Dominique Inchauspé : Précisons d’abord qu’il y a deux jurys : le Grand Jury et le Petty Jury. L’affaire passera tout d’abord devant un Grand Jury. C’est une spécificité américaine. Même l’Angleterre, qui l’a inventé, n’en dispose plus depuis plusieurs siècles. Ce Grand Jury sert à peser le poids des éléments recueillis par le parquet contre le mis en cause pour savoir si celui-ci doit être jugé ou non. Il arrive que le Grand Jury prenne l’initiative d’exiger un complément d’enquête en demandant d’entendre d’autres témoins ; c’est ce qui c’était passé dans l’affaire Clinton. En substance, le Grand Jury a les mêmes pouvoirs qu’un juge d’instruction mais c’est une "juridiction" de 16 à 23 citoyens et ses audiences et ses débats à huis-clos se déroulent sans l’intervention d’un avocat. Si le Grand Jury décide que l’affaire mérite d’être jugée, celle-ci passe alors devant un « Petty Jury », composé de 12 jurés, qui jugera du fond de l’affaire ; sauf si accusation et défense transigent avant par un plea bargaining, auquel cas ne se tiendra qu’une audience avec un seul juge pour accepter (ou non) la peine proposée par le parquet et acceptée par l’accusé.
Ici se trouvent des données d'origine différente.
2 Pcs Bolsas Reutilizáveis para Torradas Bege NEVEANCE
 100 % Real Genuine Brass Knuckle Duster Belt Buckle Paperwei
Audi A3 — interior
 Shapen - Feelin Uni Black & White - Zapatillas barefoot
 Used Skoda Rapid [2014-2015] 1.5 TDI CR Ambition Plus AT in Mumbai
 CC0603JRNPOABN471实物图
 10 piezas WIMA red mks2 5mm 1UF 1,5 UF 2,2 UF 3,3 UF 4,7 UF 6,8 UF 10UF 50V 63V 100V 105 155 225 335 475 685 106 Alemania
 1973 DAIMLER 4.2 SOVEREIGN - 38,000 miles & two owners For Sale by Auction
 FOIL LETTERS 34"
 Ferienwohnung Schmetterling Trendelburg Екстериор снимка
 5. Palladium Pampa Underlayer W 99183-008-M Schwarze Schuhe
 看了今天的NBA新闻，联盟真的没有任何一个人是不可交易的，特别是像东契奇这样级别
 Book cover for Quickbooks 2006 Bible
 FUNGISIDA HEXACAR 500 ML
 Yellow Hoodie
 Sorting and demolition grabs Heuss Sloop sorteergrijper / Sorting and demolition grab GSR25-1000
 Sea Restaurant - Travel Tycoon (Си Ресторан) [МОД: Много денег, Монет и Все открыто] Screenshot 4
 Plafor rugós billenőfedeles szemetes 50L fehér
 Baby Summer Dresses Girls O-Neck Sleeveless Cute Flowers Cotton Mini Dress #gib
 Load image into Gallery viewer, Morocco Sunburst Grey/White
Le rôle des jurés est donc essentiel et, dans l’affaire DSK, que ce soit au sein du Grand Jury ou du Petty Jury, le facteur racial devrait être important. La "pesanteur" raciale est omniprésente dans les décisions judiciaires des Etats où il existe une tradition de racisme avérée, comme dans le Sud ou l’Est des Etats-Unis : Géorgie, Texas, Missouri ou Mississipi, c’est-à-dire les Etats de l’ancienne Confédération. Le facteur racial y joue en défaveur de la personne de couleur, victime et surtout accusé. Le rapport de l’Université de Columbia de l’année 2000 ("A broken system : error rates in capital cases, 1973-1995") le souligne. Dans les années 1930 en Alabama, trois suspects noirs avaient été fouettés pendus par les pieds et les exemples d’abus sont légion.

Mais, dans l’affaire DSK, j’ai l’impression que nous sommes dans la situation opposée ; c’est-à-dire qu’il pourrait y avoir une empathie des jurés pour la plaignante noire et défavorisée face à un agresseur présumé, blanc et au faîte de sa puissance sociale et financière. En effet, le procès aurait lieu, non lieu dans le Sud profond, mais à New York, grande capitale urbaine et cosmopolite donc ouverte aux idées modernes du moment. Déjà, en France, les décisions des cours de Paris sont plus perméables aux idées sociales avancées quand la province est plus ancrée dans des conceptions plus anciennes. De plus, l’accusé est français et je ne suis pas certain que ce soit un avantage aux Etats-Unis en ce moment si on en juge par les réactions de la presse américaine sur cette affaire.

 Par ailleurs, le New York Police Department et le parquet semblent très agressifs, portés peut-être par leur conviction que ‘we have a case’ contre DSK : c’est l’indice que le riche wasp frenchy pèse peu, pour l’accusation américaine, face à la détresse d’une femme noire de l’Amérique d’en-bas. Les jurés peuvent avoir une réaction comparable.